Understanding the financial implications for non-compliance
Finally, when asked to state the maximum fine possible for a company found to have breached the regulation and infringed upon data subjects’ rights in the process, just 1 per cent of respondents were able to accurately pinpoint the correct maximum fine – 20 million euros or 4 per cent of annual worldwide turnover (whichever is larger). One in five UK office workers (21.4 per cent) thought the maximum fine would be between 1 and 1000 euros – underestimating the sum by a factor of 20,000. One in 10 (9.6 per cent) thought the maximum fine was 1 million euros – a sum representing a mere 5 per cent of the maximum fine under the GDPR.
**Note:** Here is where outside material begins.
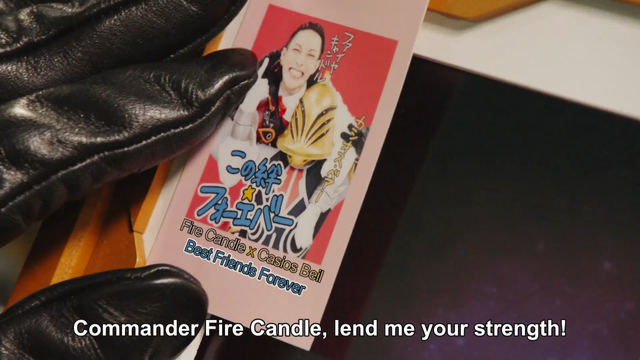 Cassios Beia stroking a photo of himself with Fire Candle, photo has "Best Friends Forever" on it.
In 2016, TalkTalk was issued with a £400,000 fine by the ICO for security failings that allowed a cyber attacker to access customer data “with ease”. Even if translated into a lower tier GDPR fine (the higher of 2% of annual worldwide turnover or 10 million euros), this fine would have increased to £3,676,000 – demonstrating the extent of the financial incentive for businesses to tackle GDPR compliance.
Commenting on these findings, André Stewart, VP EMEA, Netskope, said:
“These findings show that organisations have a lot of work to do in order to educate employees on the GDPR and the safe data handling behaviour needed to achieve compliance. With seven in 10 UK adults yet to be educated about the GDPR by their employers, it’s possible that many employers are either unaware of the importance of coaching staff or they are not yet making the GDPR a high priority. Unfortunately, both approaches are misguided and leave companies open to GDPR compliance breaches – and massive potential fines as a result.
Stewart continued: “If employees haven’t been taught what security best practice looks like, they can’t do their everyday jobs securely and that presents a major risk to the organisation. Employers will need to show that they have trained their employees on the GDPR to achieve compliance. The amount of effort put into coaching employees on secure data handling is likely to be one of the questions regulators ask when deciding whether to penalise organisations. This means that coaching is essential to limit the risk of a breach in the first place, and then again to limit the extent of any potential penalty. Alongside coaching, employees will also need the tools to do their jobs securely without sacrificing ease and convenience, so ensuring the secure use of cloud services will be a fundamental piece of the compliance puzzle.”
Majority of cloud services still not GDPR ready
On average, IT estimates there are 40-50 cloud services in use in their organisation. However, the January 2017 Netskope Cloud Report found that the average number of cloud services in use per enterprise in EMEA now stands at 845. 66 per cent of all cloud services were judged to fall short of the standards required under the GDPR, meaning that they lack the proper residency, privacy, and security controls required for compliance – or were not close enough to the required standard to be considered capable of achieving compliance by the May 2018 deadline.
Drilling further into the Netskope Cloud Report data shows that 82 per cent of cloud services do not encrypt data at rest, 66 per cent do not specify that their customers own the data in their terms of service, and 42 per cent do not allow admins to enforce password controls.